In less than a week, the polls will open for Dallas County residents to vote on whether or not the County will build a new Law Enforcement Center, including the jail, on the eastern edge of the City of Adel, at the corner of Highway 6 and County Highway R16.

The Dallas County Board of Supervisors, Dallas County staff and Dallas County Sheriff Chad Leonard are making the final push to get people out to the polls and vote “yes” on the proposal, if they have not already done so via absentee ballot.

This is the fourth time that the Board of Supervisors is taking a bond referendum to a vote, but this time, it only includes law enforcement and jail, unlike the last referendums that included other county offices and the 911 dispatch center.

For this referendum, the Supervisors hired the Samuels Group to analyze the needs, costs and tax impact on the residents before they go to vote.

“We’ve gotten more detailed information out to the public,” said Kim Chapman, chair of the Board of Supervisors. “We’ve got more information out there on what the tax impact is to them and given examples. It’s just clearer information, I think, that has been very understandable this time.”

The Board of Supervisors, the Samuels Group, Design Alliance and Leonard held public meetings to present the proposal to the public, hear their opinions and answer their questions.

Chapman, while he discuss his confidence level in the final week before the vote, said that he has been hearing a lot of good comments from the public this time around.

“There are a few that have indicated that they’re not going to vote for it because they don’t want their taxes increased, but, by far the comments have been positive this time around,” Chapman said.

Supervisor Brad Golightly agreed with Chapman’s comments about the positive reactions from the public, and also stated the importance of people to get out and vote on May 2.

“It doesn’t do any good to say ‘yes…’ but not go vote,” Golightly said. “Somebody else isn’t going to do it. You’ve got to do it yourself.”

Supervisor Mark Hanson, said that the region of the County he represents, the southeast region including Waukee, has been supportive of the idea, even in past referendums. He said he is hearing more positive comments from the smaller communities this time around as well.

“I’m cautiously optimistic we’re going to get a favorable vote,” Hanson said.

The Proposal

A “yes” vote would allow Dallas County to bond out for a new law enforcement facility, which would be located out in the “Ortonville” area in east Adel and have a price tag of about $23 million. The County argues that this is something that has been needed for years.

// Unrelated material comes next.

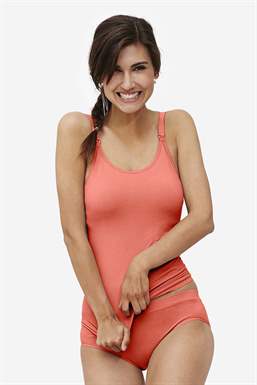 Top allaitement corail en fibres de  bambou biologique, avec brassière intégrée - en pied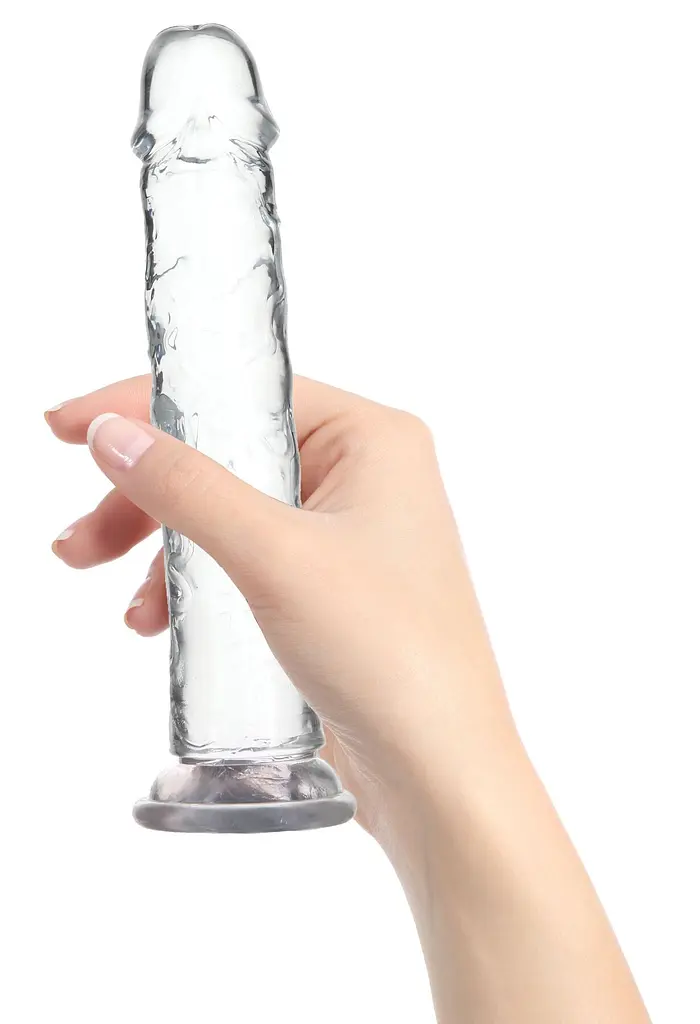 Прозорий фалоімітатор на присосці Addiction Crystal Vertical Dong 9″, 22.8 см + віброкуля в подарунок - фото 2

The current facility, located in downtown Adel, has a capacity of 36 inmates, with 12 of those being temporary beds that will be taken away by the State of Iowa in March of 2018 if the vote for the new facility does not pass, leaving a capacity of 24. The Sheriff’s Department is also forced to transport prisoners elsewhere to meet segregation requirements due to gender, special needs or having prisoners who were co-conspirators on a crime, meaning that the Dallas County Jail could be considered full at 25 inmates.

According to, Dallas County had as many as 62 prisoners per day on average in November of 2016. The informational website also states that the cost to the taxpayers to outsource prisoners to other facilities, including Story, Guthrie and Boone counties was about $237,000 from July 1, 2017 to January 2017.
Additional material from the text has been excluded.